Alabama senators advanced a tax exemption for National Guard members Wednesday despite warnings that the move would strip millions from state public schools.

National Guard members at National Guard headquarters in Montgomery, Alabama. in 2023.

Members of the Alabama National Guard could soon receive a significant tax break—at the expense of the state’s public schools.

On Wednesday the Alabama Senate Finance and Taxation Education Committee passed House Bill 341, introduced by State Representative Jerry Starnes, R-District 88, a bill that would exempt the first $5,000 of drill pay for members of the Alabama National Guard from state income tax. According to Representative Starnes, seven other states—South Carolina, Oklahoma, Pennsylvania, New York, Utah, Arizona and Nebraska—provide similar tax exemptions to their National Guardsmen.

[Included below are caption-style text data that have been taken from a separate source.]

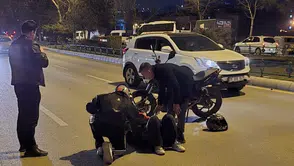 Eskişehir’de motosiklet sürücüsü otomobile arkadan çarptı : 1 yaralı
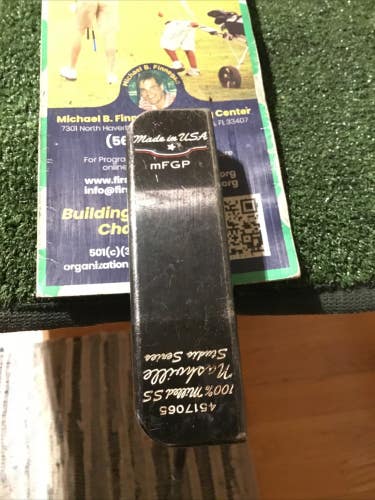 SeeMore Nashville mFGP Studio Series 100% Milled SS Putter 31 Center Shafted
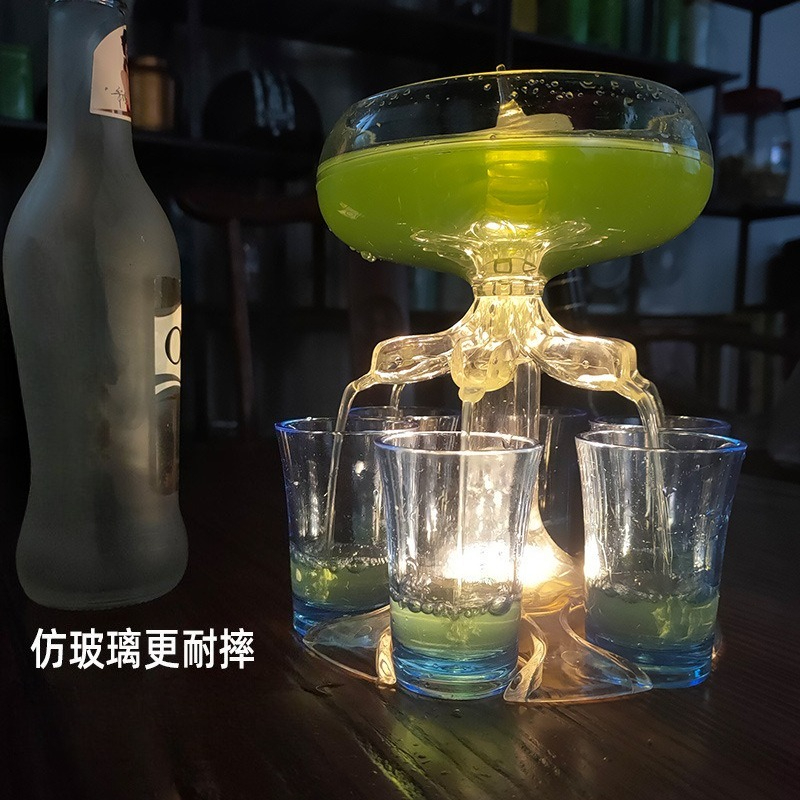 ヨーロッパ風模造ガラス製リキュールデキャンタセット 6杯用  - Home Bar Setup Kit のレビューと価格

Per the bill’s fiscal note, HB341 would cost the state $1.9 million beginning in Fiscal Year 2027, followed by an annual loss of $2.6 million each year thereafter. Before the committee discussed the bill, a sunset amendment was approved that would end the exemption after the 2029 calendar year unless an extension is later approved.

Several Democratic members of the committee criticized the bill for taking money out of the hands of Alabama’s public schools in order to fund the tax break.

“I’m for the National Guard, but I’m also for my students in public schools,” said Senator Rodger Smitherman, D-Birmingham. “We’re taking money directly out of their coffers, and that’s a problem.”

“I know it feels good to do that for the National Guard but it don’t feel good to take money out of these kids’ pockets for reading and everything else,” Smitherman added.

Smitherman further criticized the bill for failing to find an alternative revenue stream to make up for the loss it would impose on the Education Trust Fund.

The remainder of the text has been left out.